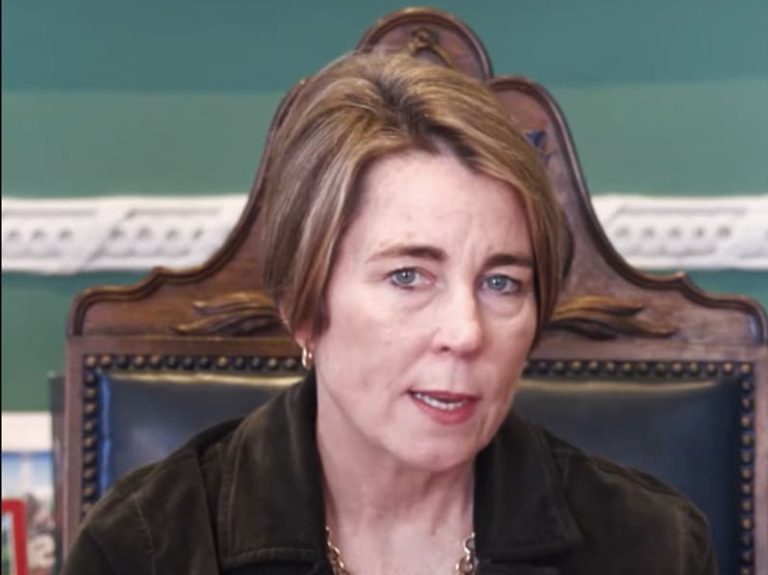 Gobernadora Maura Healey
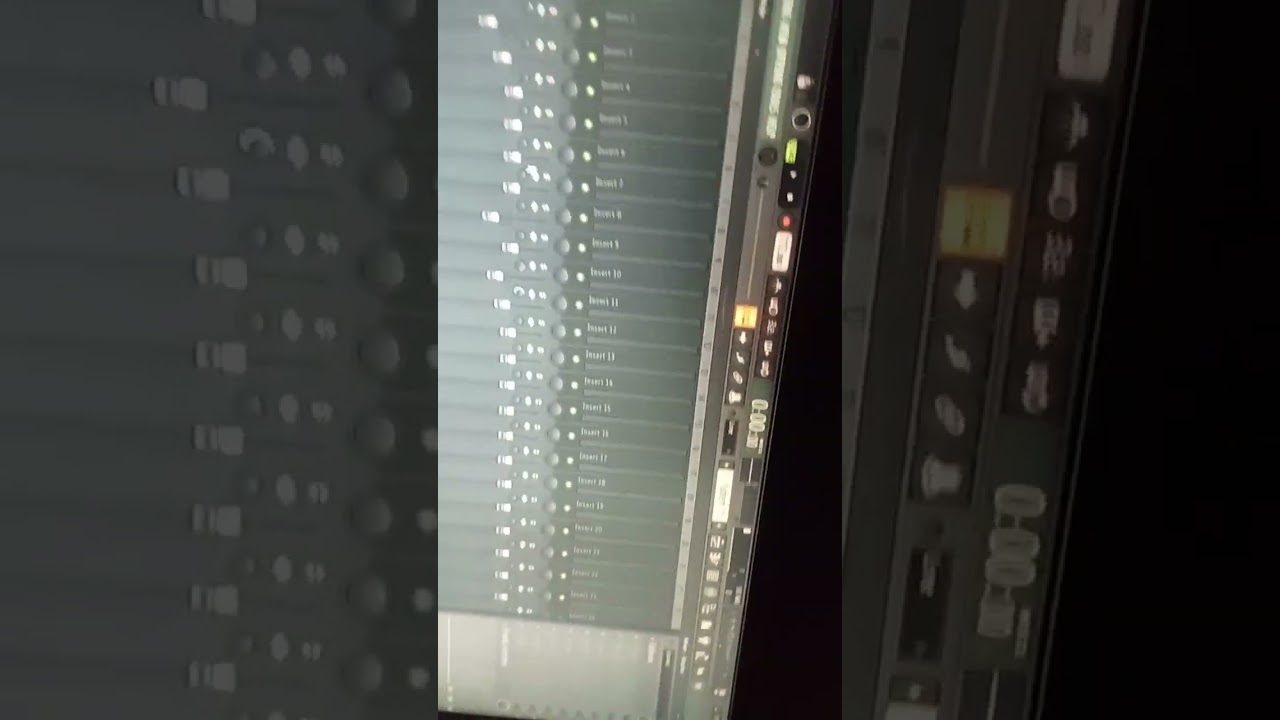 Hey I really need help send this to ur smart producer/beat maker to help pls spread the word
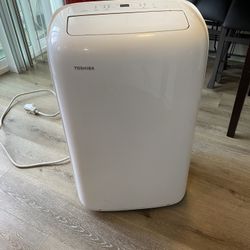 FLASH SALE! Toshiba  Portable Air Conditoner 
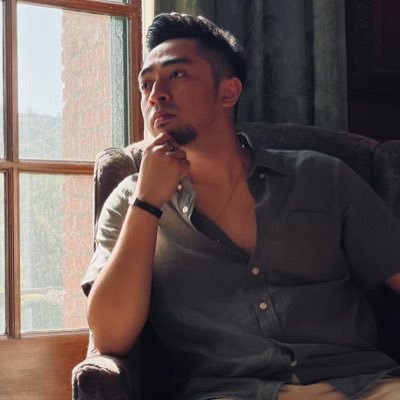 Official Twitch- Affiliate Streamer | Marketing Management Graduate |  Creative | Full-Time Gamer/ Nerd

## What the exercise asks
An exact, word-for-word version of the material is required, free of pictures.

## Task response
 Gobernadora Maura Healey
 Hey I really need help send this to ur smart producer/beat maker to help pls spread the word
 FLASH SALE! Toshiba  Portable Air Conditoner 
 Official Twitch- Affiliate Streamer | Marketing Management Graduate |  Creative | Full-Time Gamer/ Nerd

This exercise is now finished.